PROBLEM DETAILS. Return the data below, unchanged.

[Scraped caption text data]

[Start of Attachment]

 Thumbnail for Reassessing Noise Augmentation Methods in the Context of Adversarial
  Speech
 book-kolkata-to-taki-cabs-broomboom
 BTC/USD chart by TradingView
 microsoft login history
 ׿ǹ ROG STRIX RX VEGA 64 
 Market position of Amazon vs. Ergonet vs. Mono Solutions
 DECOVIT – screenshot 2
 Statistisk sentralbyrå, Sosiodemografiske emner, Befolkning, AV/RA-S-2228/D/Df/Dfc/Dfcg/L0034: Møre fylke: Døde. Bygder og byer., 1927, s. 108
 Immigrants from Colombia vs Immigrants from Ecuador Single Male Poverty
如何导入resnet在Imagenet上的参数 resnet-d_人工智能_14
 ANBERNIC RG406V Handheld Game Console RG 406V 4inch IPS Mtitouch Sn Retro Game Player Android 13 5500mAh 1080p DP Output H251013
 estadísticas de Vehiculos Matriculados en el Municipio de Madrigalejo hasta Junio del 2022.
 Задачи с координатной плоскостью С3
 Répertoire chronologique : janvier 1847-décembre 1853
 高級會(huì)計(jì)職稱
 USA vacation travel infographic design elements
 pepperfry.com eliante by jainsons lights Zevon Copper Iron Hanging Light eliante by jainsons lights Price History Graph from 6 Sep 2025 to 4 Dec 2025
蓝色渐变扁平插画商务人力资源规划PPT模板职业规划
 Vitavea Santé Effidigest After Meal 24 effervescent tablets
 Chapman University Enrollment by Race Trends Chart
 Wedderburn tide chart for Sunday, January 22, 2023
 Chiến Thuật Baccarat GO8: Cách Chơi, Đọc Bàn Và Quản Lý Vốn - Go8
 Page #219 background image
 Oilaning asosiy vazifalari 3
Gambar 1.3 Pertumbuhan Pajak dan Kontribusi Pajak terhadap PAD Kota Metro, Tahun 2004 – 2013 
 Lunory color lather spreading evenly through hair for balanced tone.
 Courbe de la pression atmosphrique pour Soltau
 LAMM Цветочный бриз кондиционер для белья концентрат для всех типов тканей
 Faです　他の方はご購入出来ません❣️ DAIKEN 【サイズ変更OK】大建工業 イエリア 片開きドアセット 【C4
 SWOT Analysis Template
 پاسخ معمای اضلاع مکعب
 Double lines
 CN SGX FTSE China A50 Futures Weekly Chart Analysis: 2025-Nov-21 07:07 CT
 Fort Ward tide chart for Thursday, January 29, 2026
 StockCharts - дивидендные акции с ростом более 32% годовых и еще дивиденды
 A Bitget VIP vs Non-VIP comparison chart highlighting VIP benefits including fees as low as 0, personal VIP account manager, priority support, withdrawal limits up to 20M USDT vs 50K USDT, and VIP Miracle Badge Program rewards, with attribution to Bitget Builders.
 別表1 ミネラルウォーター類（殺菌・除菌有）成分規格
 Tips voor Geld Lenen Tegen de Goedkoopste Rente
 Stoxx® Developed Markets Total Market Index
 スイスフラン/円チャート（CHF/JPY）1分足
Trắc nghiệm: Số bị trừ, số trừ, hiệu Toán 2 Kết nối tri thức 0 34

[End of Attachment]

ANSWER FOR THIS EXERCISE.
 Thumbnail for Reassessing Noise Augmentation Methods in the Context of Adversarial
  Speech
 book-kolkata-to-taki-cabs-broomboom
 BTC/USD chart by TradingView
 microsoft login history
 ׿ǹ ROG STRIX RX VEGA 64 
 Market position of Amazon vs. Ergonet vs. Mono Solutions
 DECOVIT – screenshot 2
 Statistisk sentralbyrå, Sosiodemografiske emner, Befolkning, AV/RA-S-2228/D/Df/Dfc/Dfcg/L0034: Møre fylke: Døde. Bygder og byer., 1927, s. 108
 Immigrants from Colombia vs Immigrants from Ecuador Single Male Poverty
如何导入resnet在Imagenet上的参数 resnet-d_人工智能_14
 ANBERNIC RG406V Handheld Game Console RG 406V 4inch IPS Mtitouch Sn Retro Game Player Android 13 5500mAh 1080p DP Output H251013
 estadísticas de Vehiculos Matriculados en el Municipio de Madrigalejo hasta Junio del 2022.
 Задачи с координатной плоскостью С3
 Répertoire chronologique : janvier 1847-décembre 1853
 高級會(huì)計(jì)職稱
 USA vacation travel infographic design elements
 pepperfry.com eliante by jainsons lights Zevon Copper Iron Hanging Light eliante by jainsons lights Price History Graph from 6 Sep 2025 to 4 Dec 2025
蓝色渐变扁平插画商务人力资源规划PPT模板职业规划
 Vitavea Santé Effidigest After Meal 24 effervescent tablets
 Chapman University Enrollment by Race Trends Chart
 Wedderburn tide chart for Sunday, January 22, 2023
 Chiến Thuật Baccarat GO8: Cách Chơi, Đọc Bàn Và Quản Lý Vốn - Go8
 Page #219 background image
 Oilaning asosiy vazifalari 3
Gambar 1.3 Pertumbuhan Pajak dan Kontribusi Pajak terhadap PAD Kota Metro, Tahun 2004 – 2013 
 Lunory color lather spreading evenly through hair for balanced tone.
 Courbe de la pression atmosphrique pour Soltau
 LAMM Цветочный бриз кондиционер для белья концентрат для всех типов тканей
 Faです　他の方はご購入出来ません❣️ DAIKEN 【サイズ変更OK】大建工業 イエリア 片開きドアセット 【C4
 SWOT Analysis Template
 پاسخ معمای اضلاع مکعب
 Double lines
 CN SGX FTSE China A50 Futures Weekly Chart Analysis: 2025-Nov-21 07:07 CT
 Fort Ward tide chart for Thursday, January 29, 2026
 StockCharts - дивидендные акции с ростом более 32% годовых и еще дивиденды
 A Bitget VIP vs Non-VIP comparison chart highlighting VIP benefits including fees as low as 0, personal VIP account manager, priority support, withdrawal limits up to 20M USDT vs 50K USDT, and VIP Miracle Badge Program rewards, with attribution to Bitget Builders.
 別表1 ミネラルウォーター類（殺菌・除菌有）成分規格
 Tips voor Geld Lenen Tegen de Goedkoopste Rente
 Stoxx® Developed Markets Total Market Index
 スイスフラン/円チャート（CHF/JPY）1分足
Trắc nghiệm: Số bị trừ, số trừ, hiệu Toán 2 Kết nối tri thức 0 34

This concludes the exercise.